> _Work task_
Return every record exactly. Omit nothing.

> _Provided information_

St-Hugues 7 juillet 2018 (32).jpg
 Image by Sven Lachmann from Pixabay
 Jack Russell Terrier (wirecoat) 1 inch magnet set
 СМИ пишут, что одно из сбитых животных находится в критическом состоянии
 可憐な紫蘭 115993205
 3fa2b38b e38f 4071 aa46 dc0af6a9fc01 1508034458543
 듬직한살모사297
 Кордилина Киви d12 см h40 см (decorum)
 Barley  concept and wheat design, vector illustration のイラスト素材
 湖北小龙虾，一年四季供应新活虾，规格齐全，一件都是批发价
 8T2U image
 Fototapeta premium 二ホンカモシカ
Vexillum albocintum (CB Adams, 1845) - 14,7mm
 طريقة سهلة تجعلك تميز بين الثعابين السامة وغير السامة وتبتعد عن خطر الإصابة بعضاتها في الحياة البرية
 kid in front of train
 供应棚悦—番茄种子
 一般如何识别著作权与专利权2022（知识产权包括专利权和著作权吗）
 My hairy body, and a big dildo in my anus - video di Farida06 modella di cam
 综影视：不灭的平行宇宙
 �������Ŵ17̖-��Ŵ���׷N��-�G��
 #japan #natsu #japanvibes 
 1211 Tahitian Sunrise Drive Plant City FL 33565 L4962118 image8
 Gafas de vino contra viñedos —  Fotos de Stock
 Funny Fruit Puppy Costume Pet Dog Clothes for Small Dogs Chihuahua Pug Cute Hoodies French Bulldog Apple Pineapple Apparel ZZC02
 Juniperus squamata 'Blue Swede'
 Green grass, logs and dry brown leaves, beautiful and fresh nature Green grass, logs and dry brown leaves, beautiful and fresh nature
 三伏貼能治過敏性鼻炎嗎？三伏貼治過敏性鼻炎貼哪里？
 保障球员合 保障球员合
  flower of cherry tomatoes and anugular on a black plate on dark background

> _Response below_
St-Hugues 7 juillet 2018 (32).jpg
 Image by Sven Lachmann from Pixabay
 Jack Russell Terrier (wirecoat) 1 inch magnet set
 СМИ пишут, что одно из сбитых животных находится в критическом состоянии
 可憐な紫蘭 115993205
 3fa2b38b e38f 4071 aa46 dc0af6a9fc01 1508034458543
 듬직한살모사297
 Кордилина Киви d12 см h40 см (decorum)
 Barley  concept and wheat design, vector illustration のイラスト素材
 湖北小龙虾，一年四季供应新活虾，规格齐全，一件都是批发价
 8T2U image
 Fototapeta premium 二ホンカモシカ
Vexillum albocintum (CB Adams, 1845) - 14,7mm
 طريقة سهلة تجعلك تميز بين الثعابين السامة وغير السامة وتبتعد عن خطر الإصابة بعضاتها في الحياة البرية
 kid in front of train
 供应棚悦—番茄种子
 一般如何识别著作权与专利权2022（知识产权包括专利权和著作权吗）
 My hairy body, and a big dildo in my anus - video di Farida06 modella di cam
 综影视：不灭的平行宇宙
 �������Ŵ17̖-��Ŵ���׷N��-�G��
 #japan #natsu #japanvibes 
 1211 Tahitian Sunrise Drive Plant City FL 33565 L4962118 image8
 Gafas de vino contra viñedos —  Fotos de Stock
 Funny Fruit Puppy Costume Pet Dog Clothes for Small Dogs Chihuahua Pug Cute Hoodies French Bulldog Apple Pineapple Apparel ZZC02
 Juniperus squamata 'Blue Swede'
 Green grass, logs and dry brown leaves, beautiful and fresh nature Green grass, logs and dry brown leaves, beautiful and fresh nature
 三伏貼能治過敏性鼻炎嗎？三伏貼治過敏性鼻炎貼哪里？
 保障球员合 保障球员合
  flower of cherry tomatoes and anugular on a black plate on dark background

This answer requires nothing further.